> The problem: An exact copy of the data is needed, one that excludes all pictures.

> Information provided:

- Opening Delimiter -

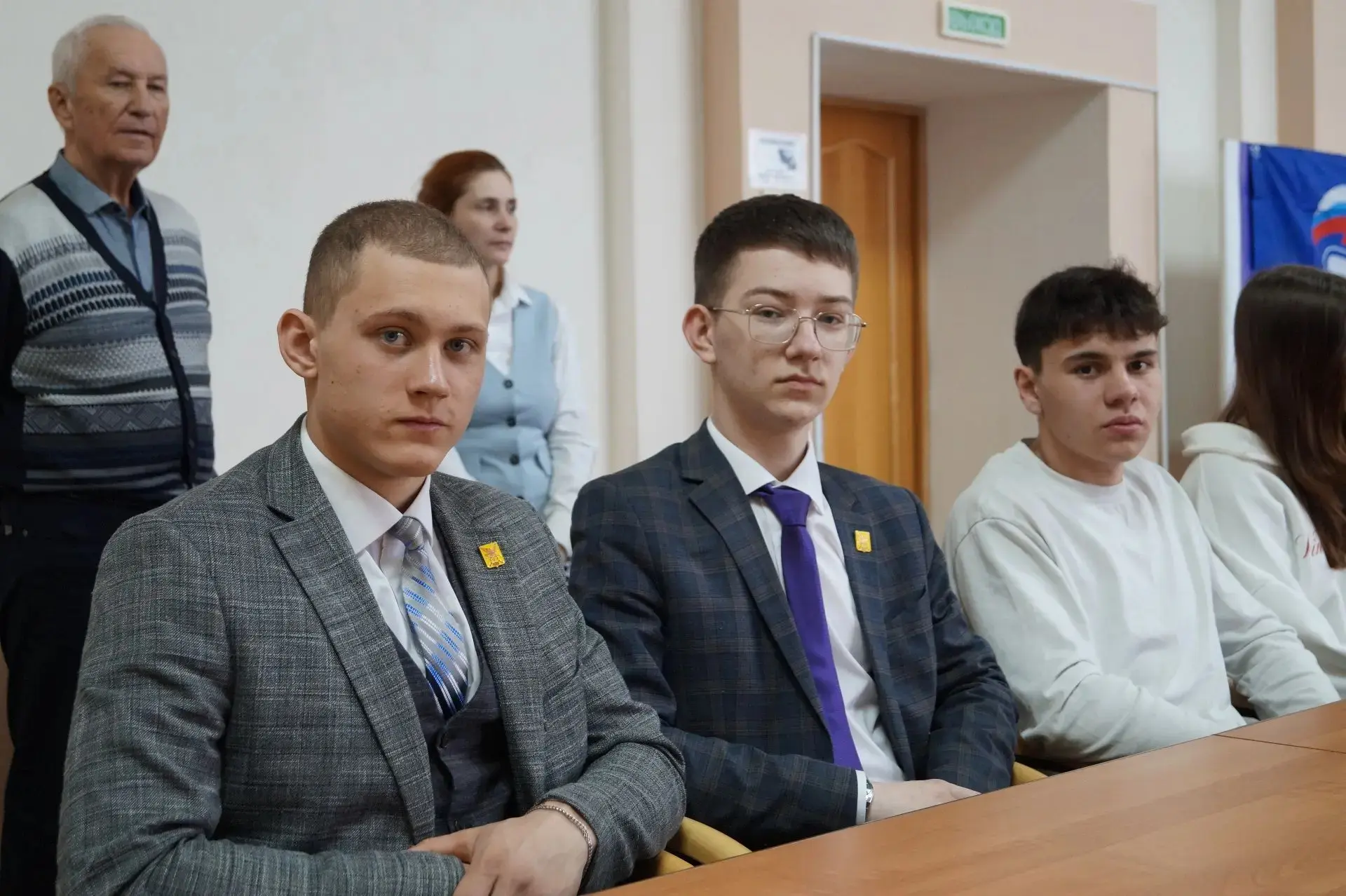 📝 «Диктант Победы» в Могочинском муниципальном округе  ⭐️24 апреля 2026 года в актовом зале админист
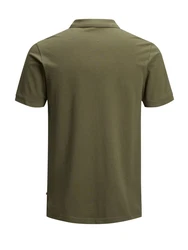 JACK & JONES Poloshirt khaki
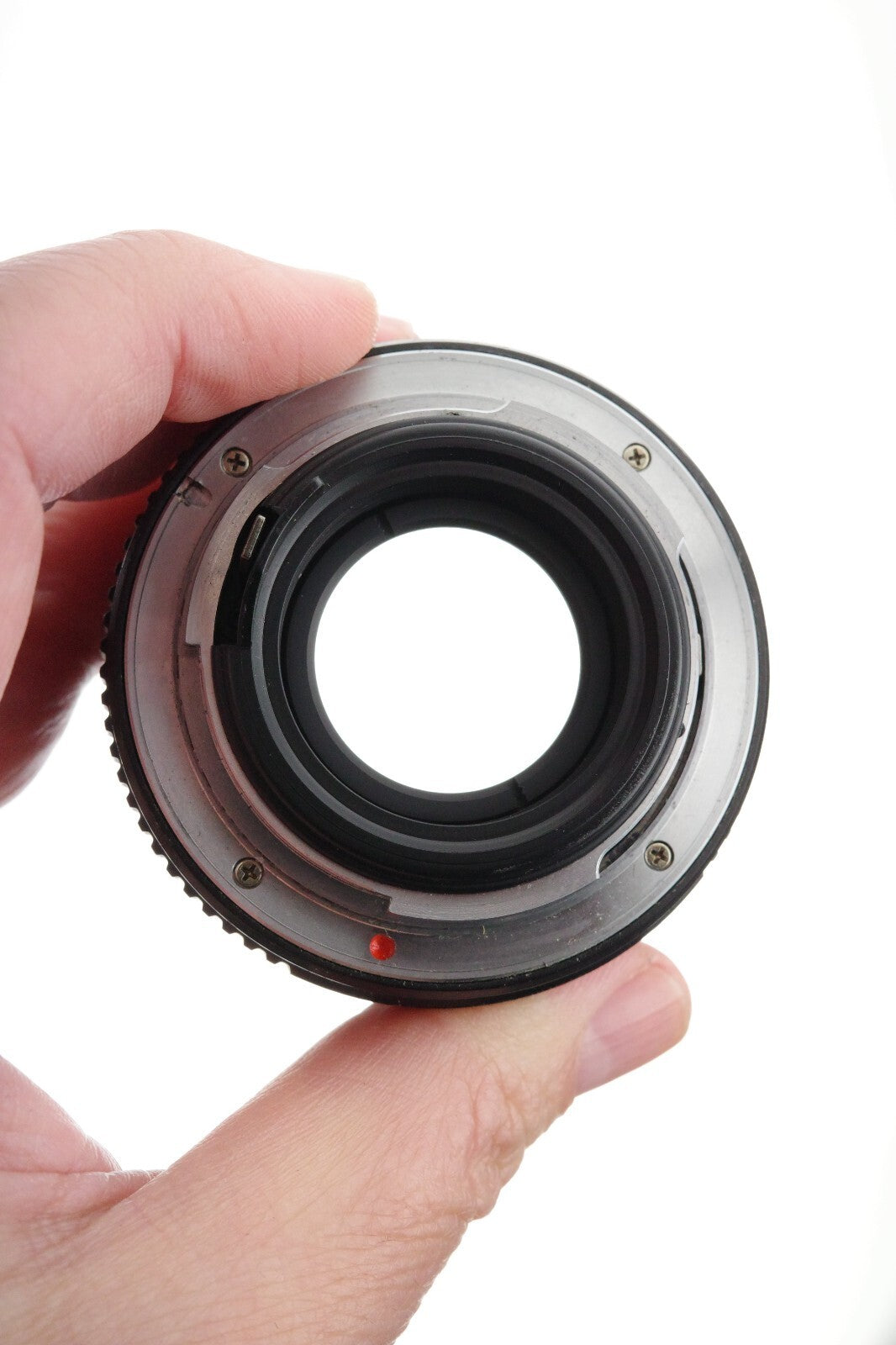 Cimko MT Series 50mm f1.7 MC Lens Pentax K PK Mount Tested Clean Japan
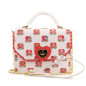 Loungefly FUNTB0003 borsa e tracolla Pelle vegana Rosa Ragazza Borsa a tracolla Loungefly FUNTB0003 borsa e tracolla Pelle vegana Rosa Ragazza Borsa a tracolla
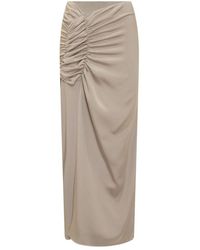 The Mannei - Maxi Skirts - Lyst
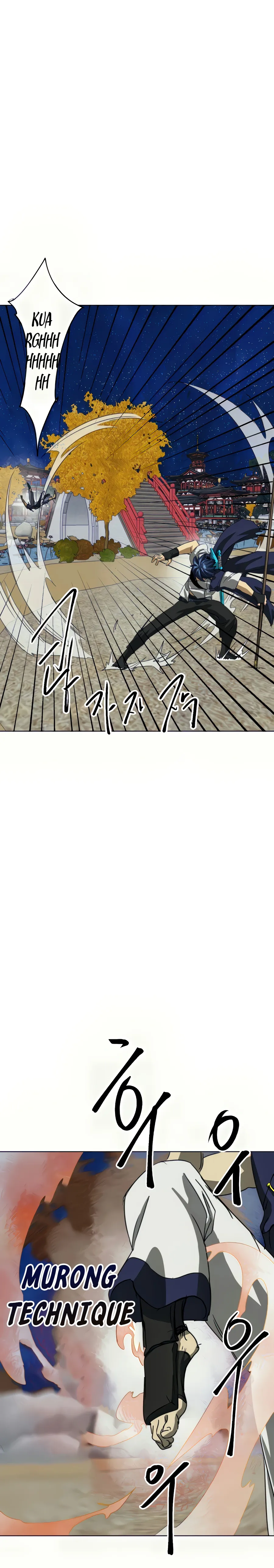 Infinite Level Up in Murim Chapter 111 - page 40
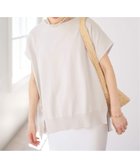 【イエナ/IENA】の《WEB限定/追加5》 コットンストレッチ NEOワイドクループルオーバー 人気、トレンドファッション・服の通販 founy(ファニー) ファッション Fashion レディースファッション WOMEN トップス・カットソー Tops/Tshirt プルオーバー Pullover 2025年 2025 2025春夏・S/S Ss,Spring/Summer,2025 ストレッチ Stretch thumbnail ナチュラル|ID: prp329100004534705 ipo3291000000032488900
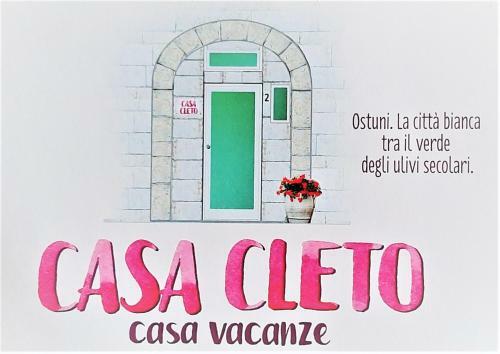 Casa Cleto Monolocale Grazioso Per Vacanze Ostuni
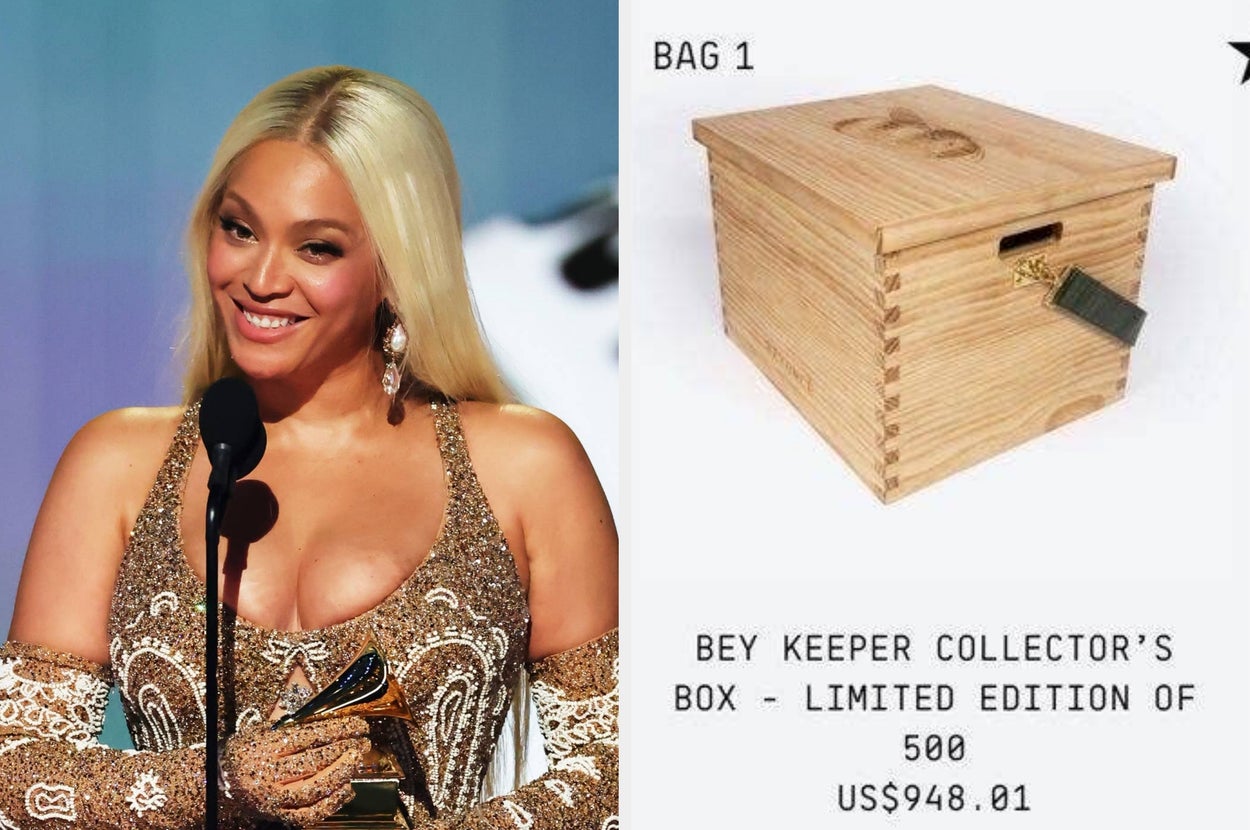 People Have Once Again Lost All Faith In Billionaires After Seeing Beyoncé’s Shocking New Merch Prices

- Closing Delimiter -

> Answer section:
 📝 «Диктант Победы» в Могочинском муниципальном округе  ⭐️24 апреля 2026 года в актовом зале админист
 JACK & JONES Poloshirt khaki
 Cimko MT Series 50mm f1.7 MC Lens Pentax K PK Mount Tested Clean Japan
 Loungefly FUNTB0003 borsa e tracolla Pelle vegana Rosa Ragazza Borsa a tracolla Loungefly FUNTB0003 borsa e tracolla Pelle vegana Rosa Ragazza Borsa a tracolla
 The Mannei - Maxi Skirts - Lyst
 Infinite Level Up in Murim Chapter 111 - page 40
 【イエナ/IENA】の《WEB限定/追加5》 コットンストレッチ NEOワイドクループルオーバー 人気、トレンドファッション・服の通販 founy(ファニー) ファッション Fashion レディースファッション WOMEN トップス・カットソー Tops/Tshirt プルオーバー Pullover 2025年 2025 2025春夏・S/S Ss,Spring/Summer,2025 ストレッチ Stretch thumbnail ナチュラル|ID: prp329100004534705 ipo3291000000032488900
 Casa Cleto Monolocale Grazioso Per Vacanze Ostuni
 People Have Once Again Lost All Faith In Billionaires After Seeing Beyoncé’s Shocking New Merch Prices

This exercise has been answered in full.